Wednesday, 16 June 2004

first at gym foofy

We changed our gym membership. 24 Hour Fitness is full of lines, I didn't feel comfortable locking my bike outside it, and its indoor pool has no daylight.

Gym Foofy is just a couple of blocks farther away. It's on a side street and its bike rack is immediately outside its glass doors with members walking in and out instead of in front of a concrete wall with almost no pedestrians and a lot of automobiles. So I can bike to it after work, with sneakers in my panniers.

Gym Foofy vows you never have to wait for equipment, which means that RDC and I can go together in the evenings, as we originally plotted at 24. Even after the New Year's mob (of which we were part) thinned out, evenings were a bad time to go. He would go during the day when he could schedule a free hour, and I would not go in the evenings because it was packed and I could not ride on the coattails of his discipline.

Gym Foofy has an outdoor pool, heated and open from April 1st through October 31st, for lap swim, and another outdoor pool for leisure and children, and an indoor pool with big windows. It is a 25-meter pool, rather than Congress Park's 50, but I was happy enough in Cook Park's 25 and I lost a lot more time to crowding than I will to twice as many of my inefficient turns.
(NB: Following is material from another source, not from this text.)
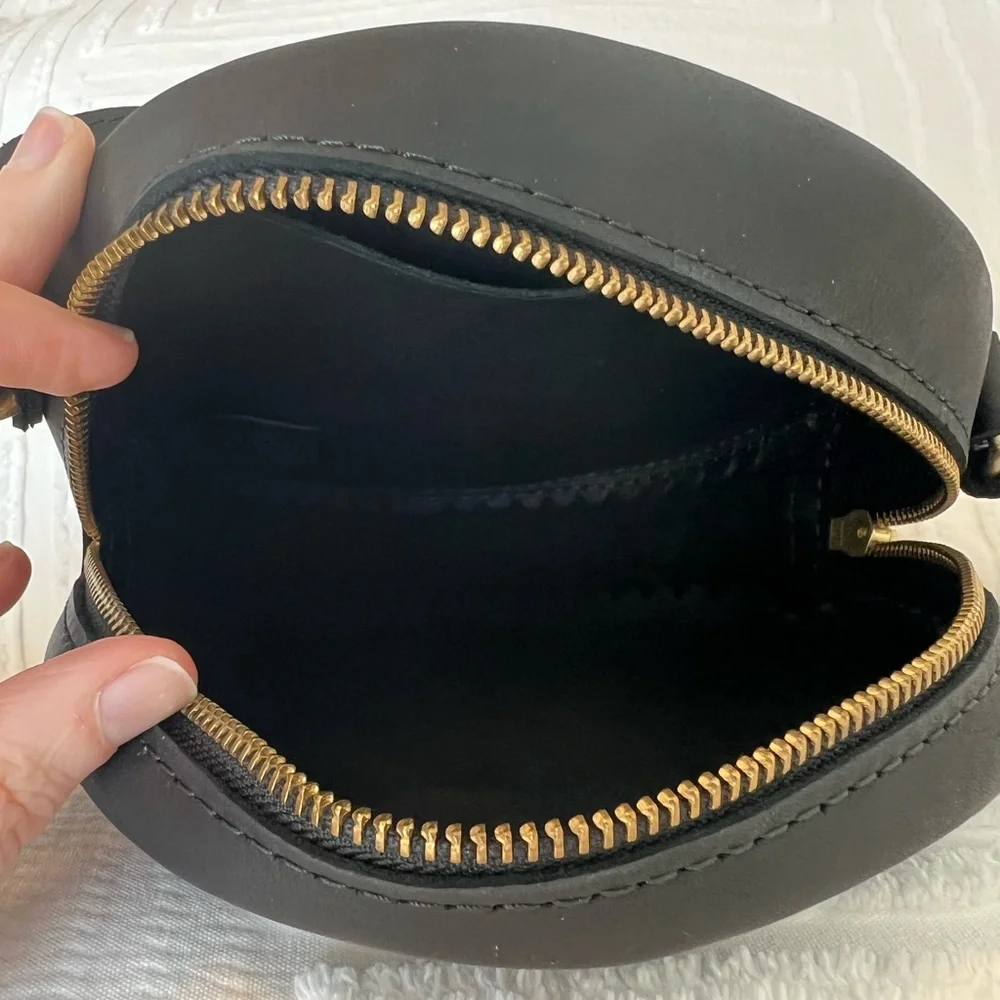 Like New Limited Edition Portland Leather Circle Crossbody Blossom Small - Picture 9 of 11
Gym Foofy also costs twice as much. It provides towels, which is nice, and Q-tips, which is insane. But I can swim outdoors for six months out of the year instead of eight weeks at the city pools, not in such restrained times (all of them have the same lap swim hours, of which I could make four a week), not in such filthy water, and I can ride my bike.

Next year, supposedly a 24 will open within walking distance of Dot Org out here in the hinterlands. At that point, I will have to make a decision: if I am still going to Gym Foofy, I will allow me to keep my membership; if I am not, better waste less money at 24 where transportation won't be an issue again than at Foofy. That's good motivation to go to Foofy.
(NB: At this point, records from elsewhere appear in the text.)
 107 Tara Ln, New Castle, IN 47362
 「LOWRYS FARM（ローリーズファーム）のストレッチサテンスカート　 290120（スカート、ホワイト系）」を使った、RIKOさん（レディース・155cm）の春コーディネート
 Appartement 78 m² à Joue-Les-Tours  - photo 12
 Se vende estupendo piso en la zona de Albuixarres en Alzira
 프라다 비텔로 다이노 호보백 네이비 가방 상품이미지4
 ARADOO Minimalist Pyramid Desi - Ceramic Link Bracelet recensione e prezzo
Precor Elliptical 30', and I have a complimentary meeting with a personal trainer next week.

astronomy

From my semester of astronomy in high school, I remember only that it was hard (that and the viewings in our own observatory). It involved math, which wasn't my thing. I had expected to be thrilled by physics, to talk about Newton and Galileo, and was similarly disappointed by math-heavy formulas calculating acceleration--three feet per second per second? mass multiplied by what equals what?

But I still like stars and planets, and I still like Copernicus and Einstein--their discoveries, their processes, their clean deductive minds.

For some years now I have asserted that the full moon is never in the sky at the same time as the sun. I do not remember where I picked up that factoid, and I figured it was about time I researched its accuracy. This is not completely satisfactory. It does confirm that the full moon cannot be high in the sky immediately or soon after sunset, which is the gist of my assertion, but does it mean that half the moon and half the sun both can be visible at their opposite points of horizon? Most places are not so flat that you can see a full 360-degree plane.

Anyway, that search led me here, where I learned again that Venus rotates opposite to its revolution. Now I'm trying to think how that would affect weather and evolution on Earth. Oo, a science fiction "plot."

(Someone told me once that science fiction, apparently unlike all other fiction, is based on an idea. He didn't elaborate at the time, but I filled in the blanks: What if a planet had insufficient water? Dune. What if Germany and Japan had won WWII? The Man in the High Castle. I remember that morsel because even at the time I thought it was bullshit but didn't know how to assert it. What if a girl had muddy drawers? The Sound and the Fury. What if a woman's first impressions of a haughty man were wrong? Pride and Prejudice. What if Frank Cornish's secrets were finally revealed? The Lyre of Orpheus. (Perhaps because at the time I had not read these, I could not assert this?) An idea is different than a premise, but I can't think of a science fiction "idea" that's not actually a "premise," just as in straight fiction.)

How would everything had evolved differently if Earth rotated and revolved in different directions? How much does the direction of our revolution affect us? If rotation were reversed, ocean currents and winds would be different to the point of opposite, but if rotation were the same and revolution turned face, what effects on a planetary level would there be? Any, before Earth's course disrupted the solar currents?